The absence of documentary confirmation from the Marine Corps led the district court to question Defendant at the sentencing hearing about his alleged military service. Defendant was not put under oath, but his answers ultimately convinced the court of the truthfulness of his fabrications. In sentencing Defendant, the court relied on several mitigating factors, including Defendant’s military service, to impose a lenient sentence: “I am going to go out on a limb in this case, Mr. Horvath, and what I’m going to do is put you on probation.”
Four years later, the government somehow discovers that Horvath is only about as honest as you’d expect an armed fugitive to be, and filed charges. Horvath’s lawyer argued that, his client having lied to a judge and to a probation officer required to file his findings to a judge, the case should be dismissed due to that exception in 18 U.S.C. § 1001 about it being more okay to lie to judges than to the other two branches of government.
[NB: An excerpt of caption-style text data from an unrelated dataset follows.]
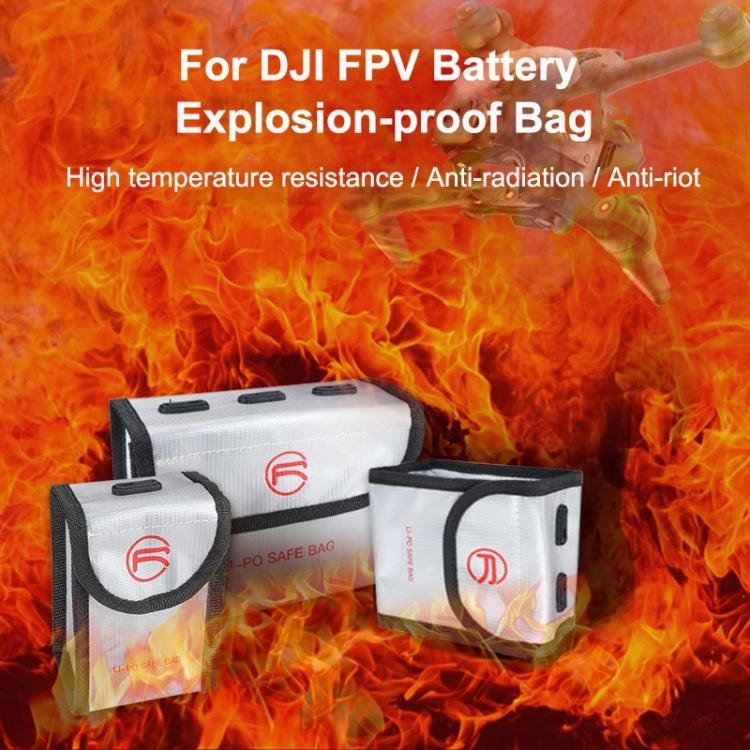 RCSTQ for DJI FPV Combo 2 x Batteries Li-Po Safe Explosion-proof Storage Bag(Silver) - Case & Bags by RCSTQ | Online Shopping South Africa | PMC TechLife | Buy Now Pay Later Mobicred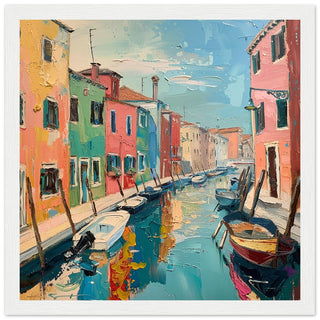 Azure Alleys: Venetian Vistas white framed art print | by Print Room Ltd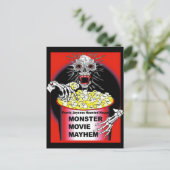 Carte Postale Affiche de Halloween Squelette mangeant du pop-cor (Debout devant)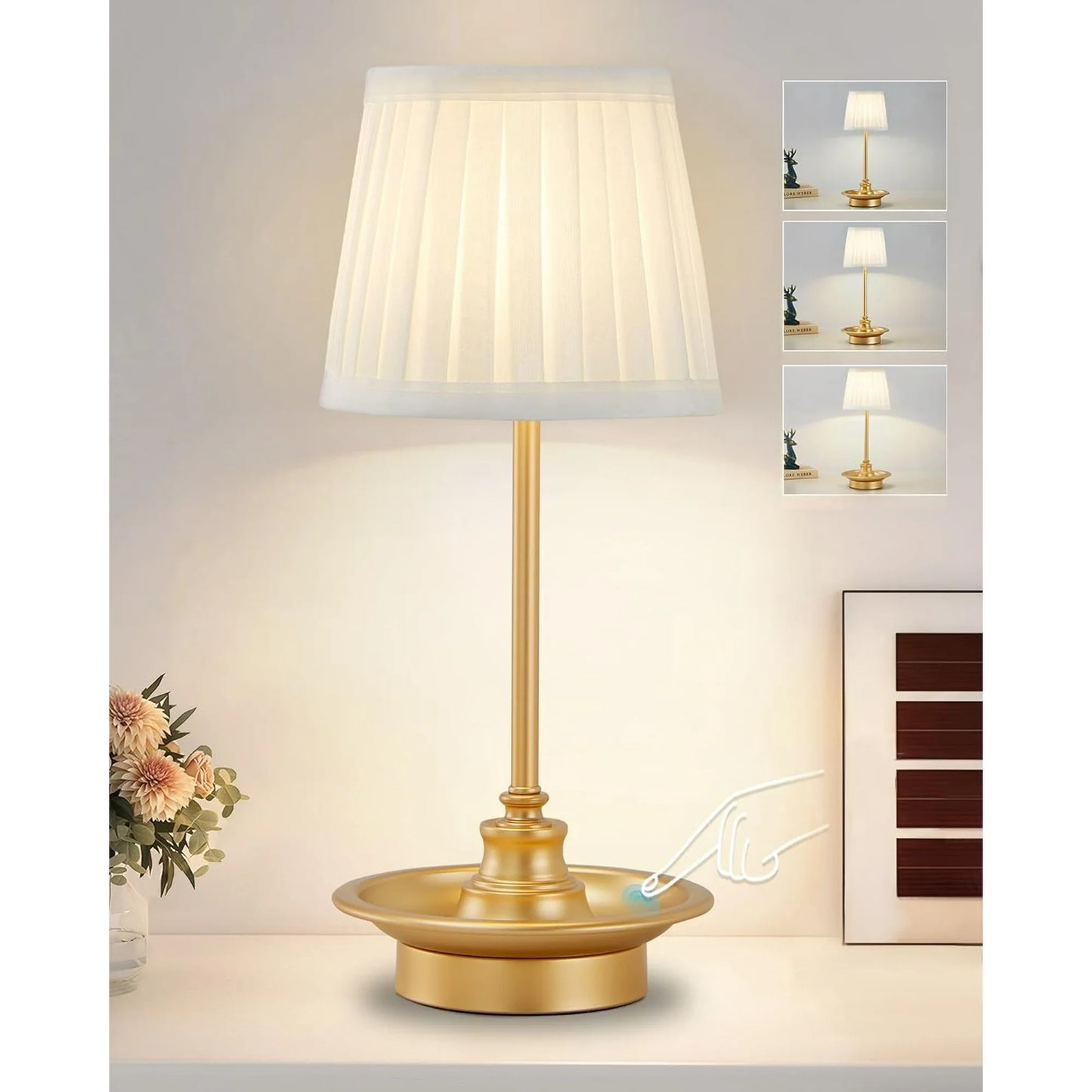 NATYSWAN Cordless Table Lamp,3-Way Dimmable Touch Bedside Reading Lamp,Portable Small Nightstand Desk Lamp for Bedroom Living Room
Graber, with Judge Harry Pregerson watching her back, picked apart the statute for a fine-point ruling:
We hold that when, but only when, the probation officer is required by law to include such a statement in the PSR and to submit the PSR to the judge, the statement falls within the exception in § 1001(b). We therefore reverse the district court’s denial of Defendant’s motion to dismiss the indictment.
In dissent, Judge Pamela Rymer makes the point finer. She argues that while a clerk who merely hands a document to a judge is a conduit rather than a filter, she disagrees with the majority’s take that the probation officer drafting a report to the court is the same empty transmitter, thus putting no layer between lying non-Marines and the judges they would deceive.
No matter how apparent it may be to my colleagues, it is not obvious to me that the probation officer “exercised no discretion in including Defendant’s false statement made during the presentence interview.” I am pretty sure that this information, like all information, was in the report because of the probation officer’s judgment that it should be.
Gracious in disagreement, though, Rymer launches her dissent thusly: “Given that the majority sees the statute differently from the way I do, I take comfort in its effort to craft a narrow rule.”
So, there you have it. United States v. Horvath is a finely tailored Ninth Circuit primer on what puts the lie in liability.
— Brian McDonough


This guy better hope he doesn't run across any real Marines.